↓
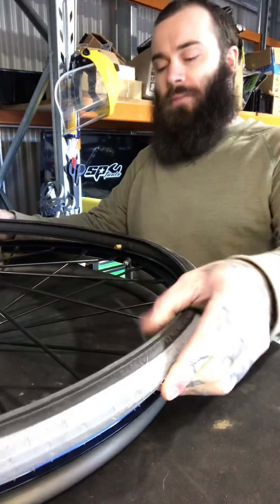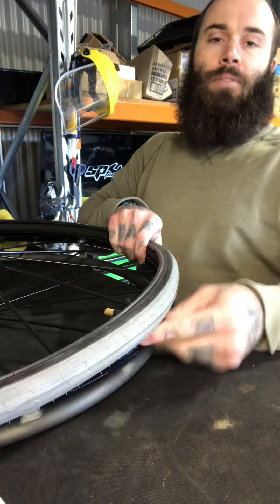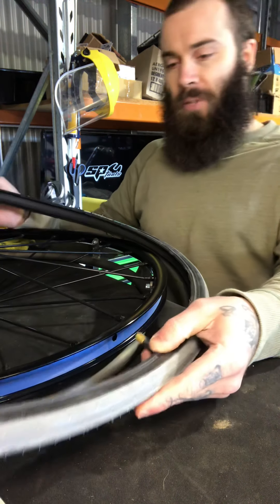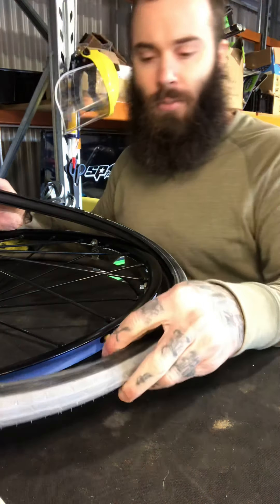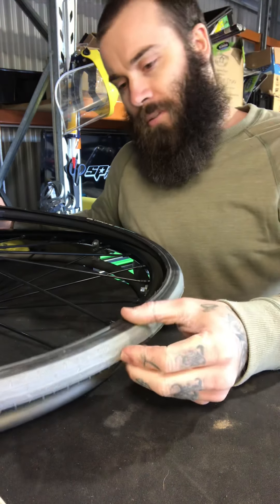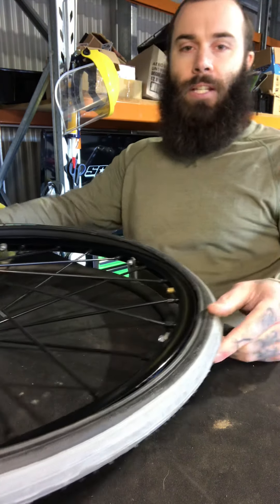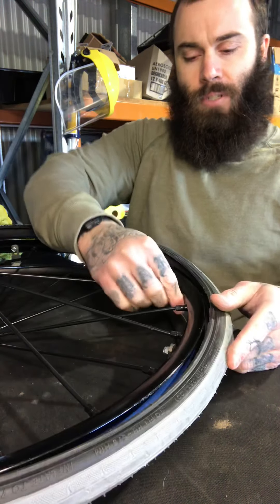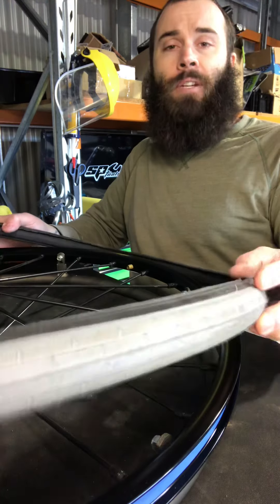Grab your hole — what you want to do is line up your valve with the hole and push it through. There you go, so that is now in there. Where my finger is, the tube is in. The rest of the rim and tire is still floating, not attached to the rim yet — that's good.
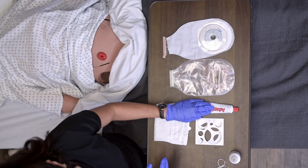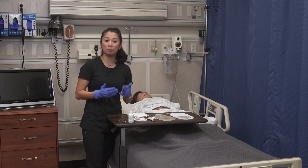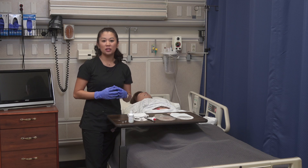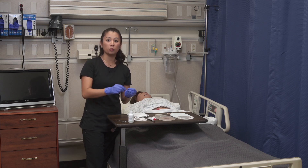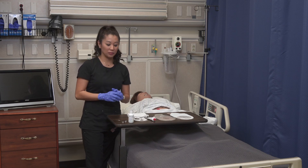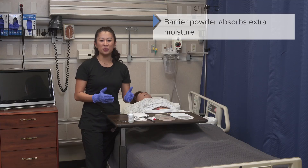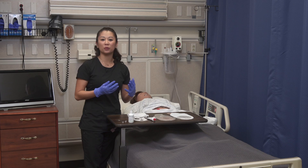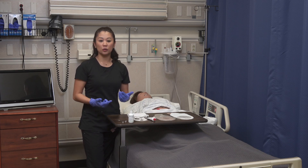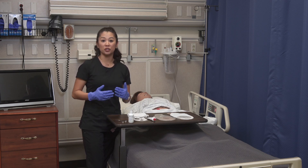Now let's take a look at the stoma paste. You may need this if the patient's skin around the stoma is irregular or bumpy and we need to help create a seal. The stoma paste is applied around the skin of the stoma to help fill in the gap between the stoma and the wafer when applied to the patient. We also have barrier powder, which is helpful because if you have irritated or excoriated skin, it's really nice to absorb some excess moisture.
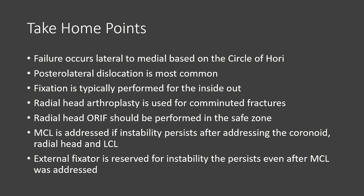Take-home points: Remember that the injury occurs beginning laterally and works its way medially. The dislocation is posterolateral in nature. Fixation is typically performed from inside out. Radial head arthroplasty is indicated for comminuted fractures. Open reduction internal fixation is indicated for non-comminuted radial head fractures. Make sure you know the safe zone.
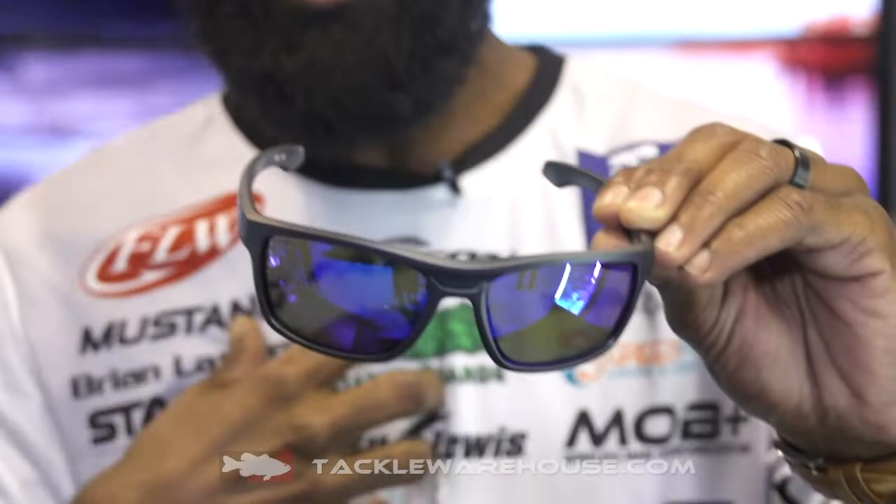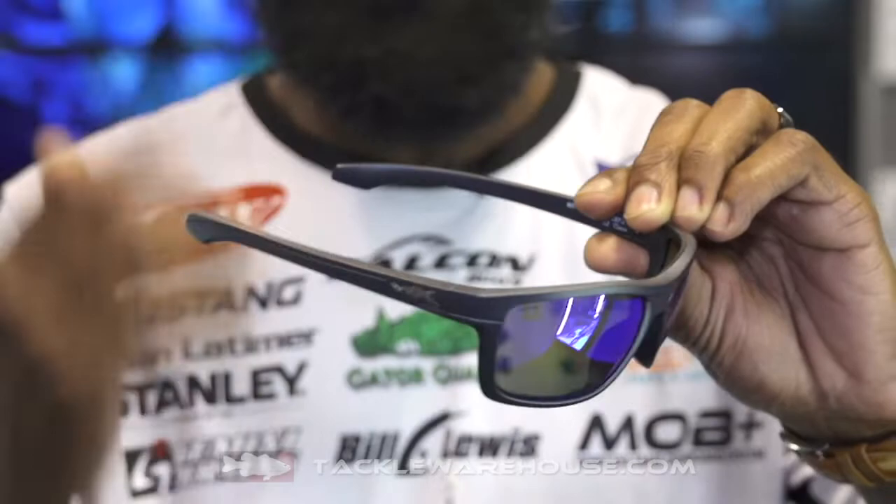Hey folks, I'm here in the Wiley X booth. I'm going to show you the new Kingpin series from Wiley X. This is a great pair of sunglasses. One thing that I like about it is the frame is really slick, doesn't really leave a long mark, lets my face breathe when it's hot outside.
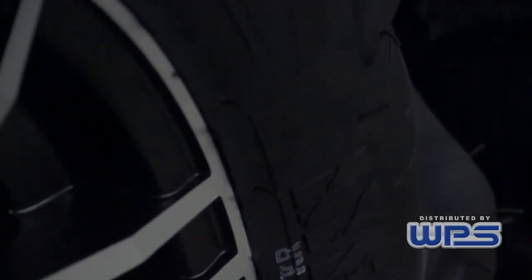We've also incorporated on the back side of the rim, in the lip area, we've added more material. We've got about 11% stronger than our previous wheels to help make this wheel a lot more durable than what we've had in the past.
↑
Task description
Beginning with the line that contains "Take-home points: Remember", write out the remaining lines of the listing above through the last, exactly and only those, without pictures.

Task solution
Take-home points: Remember that the injury occurs beginning laterally and works its way medially. The dislocation is posterolateral in nature. Fixation is typically performed from inside out. Radial head arthroplasty is indicated for comminuted fractures. Open reduction internal fixation is indicated for non-comminuted radial head fractures. Make sure you know the safe zone.
Hey folks, I'm here in the Wiley X booth. I'm going to show you the new Kingpin series from Wiley X. This is a great pair of sunglasses. One thing that I like about it is the frame is really slick, doesn't really leave a long mark, lets my face breathe when it's hot outside.
We've also incorporated on the back side of the rim, in the lip area, we've added more material. We've got about 11% stronger than our previous wheels to help make this wheel a lot more durable than what we've had in the past.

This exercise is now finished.